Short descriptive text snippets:
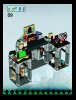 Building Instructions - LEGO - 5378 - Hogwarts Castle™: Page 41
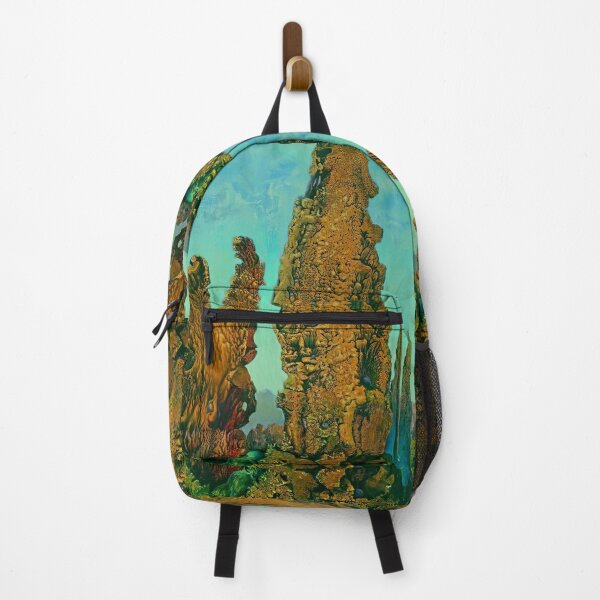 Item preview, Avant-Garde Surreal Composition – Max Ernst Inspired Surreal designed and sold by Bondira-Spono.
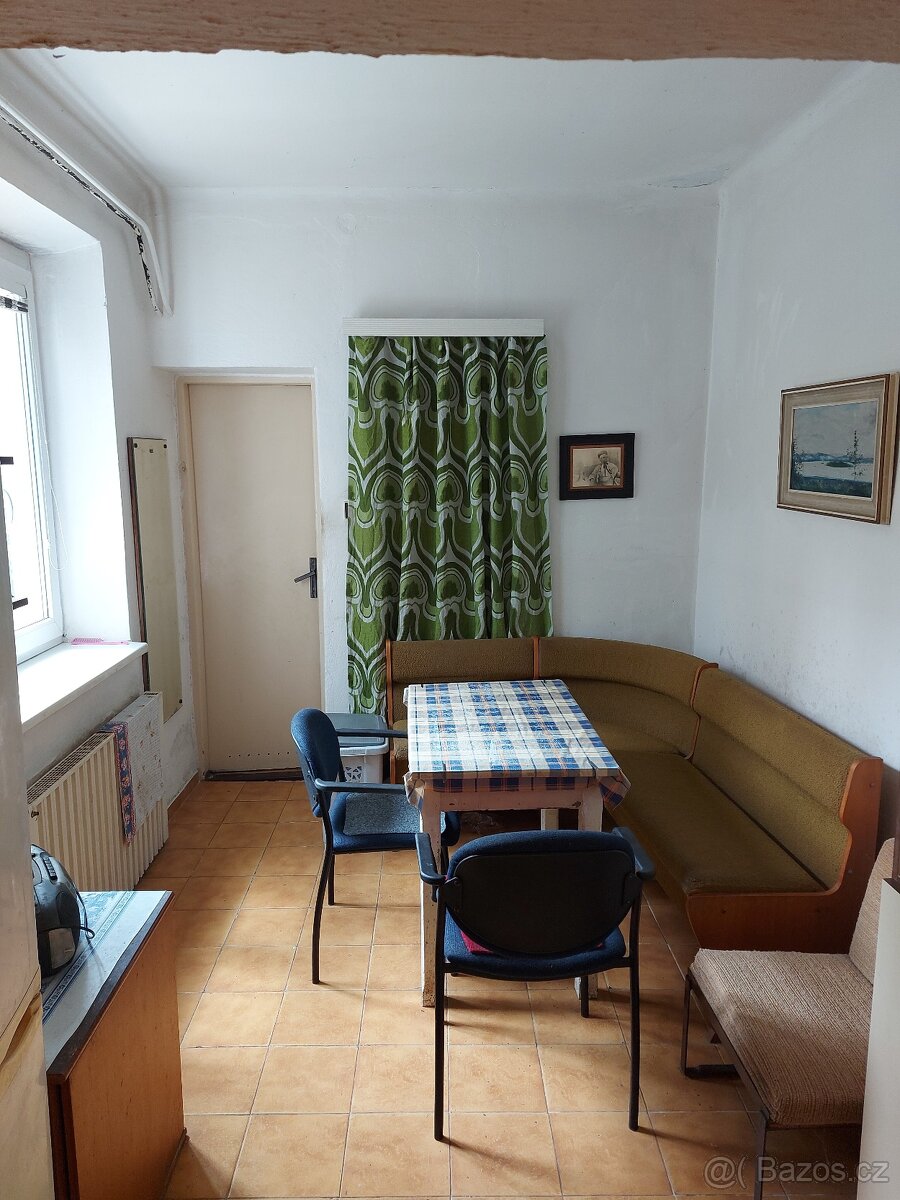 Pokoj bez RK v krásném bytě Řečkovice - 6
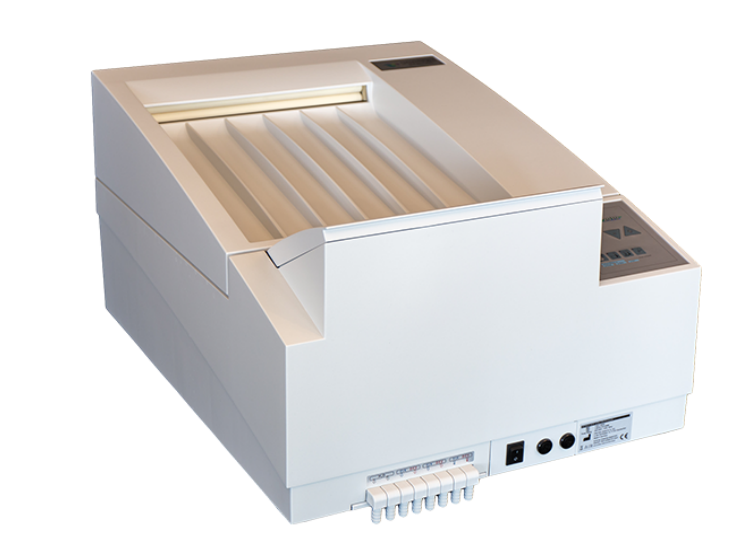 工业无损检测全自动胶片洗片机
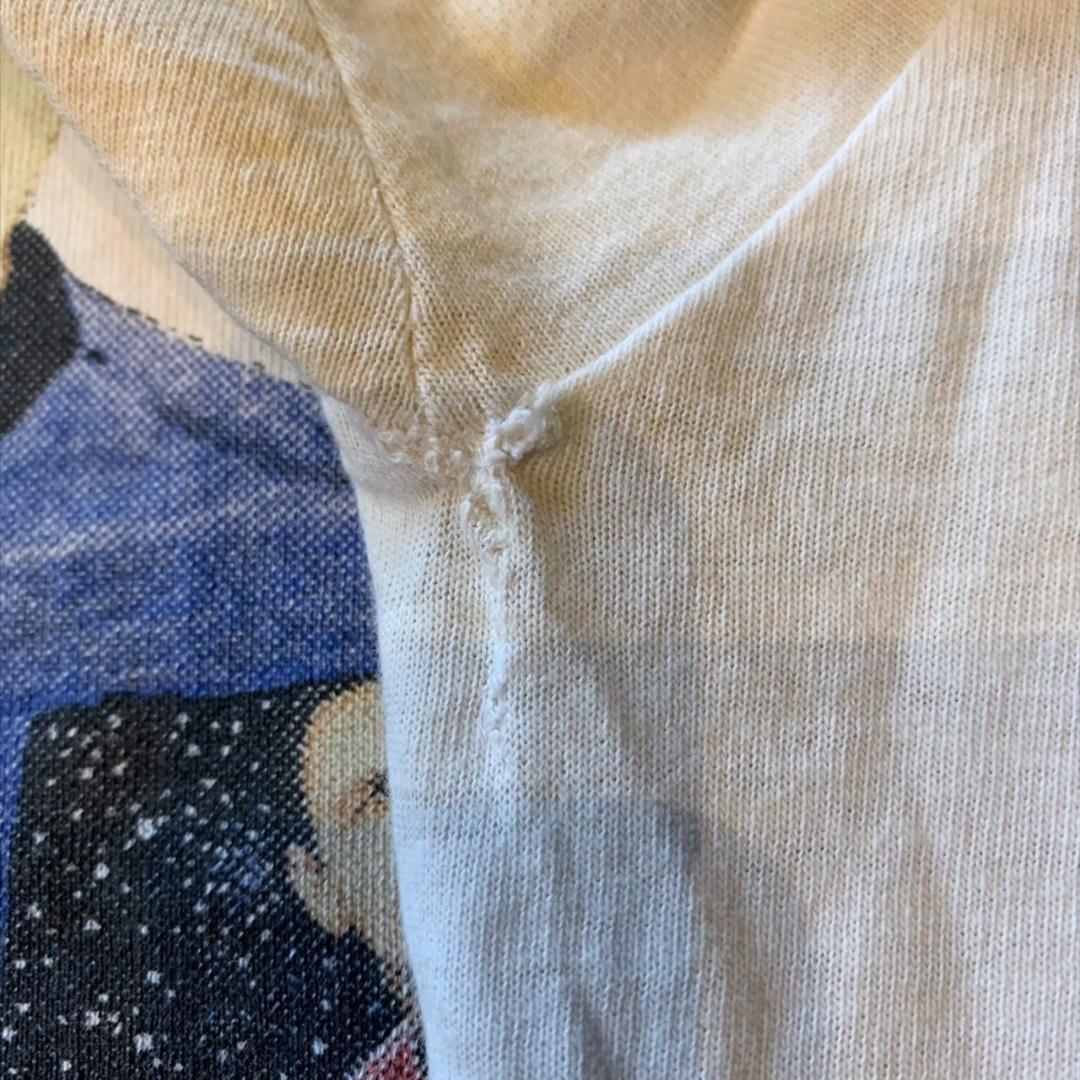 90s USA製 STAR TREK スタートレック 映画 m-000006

■ PROBLEM TO WORK ON
Wherever a picture appears in the data, please drop it and retype the rest exactly.

■ ANSWER TO THE EXERCISE
 Building Instructions - LEGO - 5378 - Hogwarts Castle™: Page 41
 Item preview, Avant-Garde Surreal Composition – Max Ernst Inspired Surreal designed and sold by Bondira-Spono.
 Pokoj bez RK v krásném bytě Řečkovice - 6
 工业无损检测全自动胶片洗片机
 90s USA製 STAR TREK スタートレック 映画 m-000006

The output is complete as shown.